What does this mean for your business?
Aside from understanding how you plan to leverage langauge models, your business should also consider the resource constraints and limitations. How many clients is your language model going to serve at a given moment in time, how tolerant are your clients to latency in the models, how large of a model do you need to serve your business purposes?
If you can answer those questions, we would be happy to help you consider what hardware you need or should migrate to, and any further optimizations that can be made to increase your client satisfaction. We can also help you determine what resources necessary to best suite your business needs. Book a time for a consult with us and we can begin our roadmap for how LLMs can better serve your business.
Appendix
Regarding language models, we can make the following calculations to estimate the memory usage. Let’s take Meta’s OPT-350m - a model with about 350 million parameters and get an even more fine grained estimate on the size this model would take on the GPU. We collect our numbers directly from the code.
- Every language model begins with its vocabulary - its dictionary of tokens it knows. Here it is 50,272. Each token in the vocabulary is mapped to a high dimensional vector, 512 dimensions. We are at 25,739,264 parameters. We need another one at the output of the model to map embeddings back down to the vocabulary probabilities, so 51,478,528 parameters.
- Language models have positional embeddings for each token we query the language model with.

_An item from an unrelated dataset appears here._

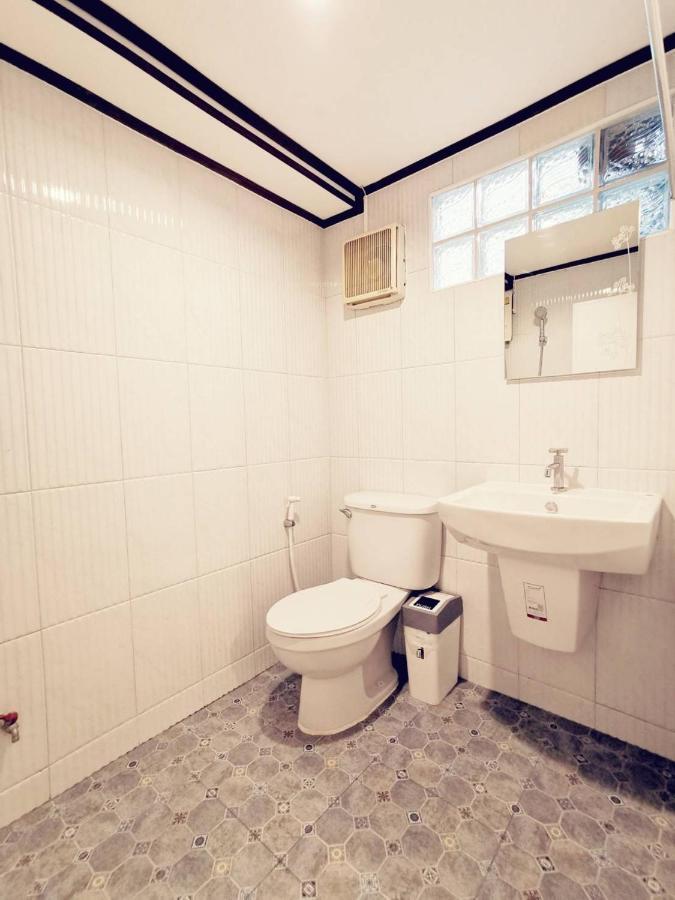 Tavee Guesthouse Bangkok Habitación foto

In the case of OPT-350m, we have 2050 tokens (extra from 2048 due to padding) that can be entered in at any given time (context size), and the positional embedding vectors are also 1024 dimensional, so we are at 2,099,200 parameters.
- The token embeddings are cast up from 512 to 1024 space, to save space. This incurs a cost of 524,288 parameters as opposed to creating another 25 million parameters.
- The QKV in the attention mechanism is really 3 square matrices of size 1024 by 1024. We also have an output projection matrix, of the same dimensions. These 4 matrices give a dimensionality of 4,194,304. However, we have 16 attention heads and a linear layer of dimension 4096 by 1024, giving a total dimensionality of 4,194,304 + 2 * 4096 * 1024 = 12,582,912 parameters for the transformer block itself. Note that we take advantage of a trick to reduce the parameter count by dividing 1024 by the number of attention heads. This is typical in many transformer implementations. We make 24 successive transformer blocks so there is really 12,582,912 * 24 = 301,989,888 parameters.
- We project the 1024 dimensional embeddings back down to 512 dimension, costing another 524,288 parameters.
- We skipped a minor step in counting parameters in the attention mechanism. For each transformer block, we have two layernorm steps, one before the feed forward network and one after. Each layernorm costs 2*1024 so in each transformer block, we incur an additional 4096 parameters from the layernorm. Across the 24 layers, we increase our cost by 98,304 parameters, which is not a lot relative to the whole architecture.
In total, our estimate says this model costs 356,714,496 parameters, which is close to the advertised 350 million as in the name OPT-350m. Of course, we do not think the model creators meant the model is exactly 350 million parameters.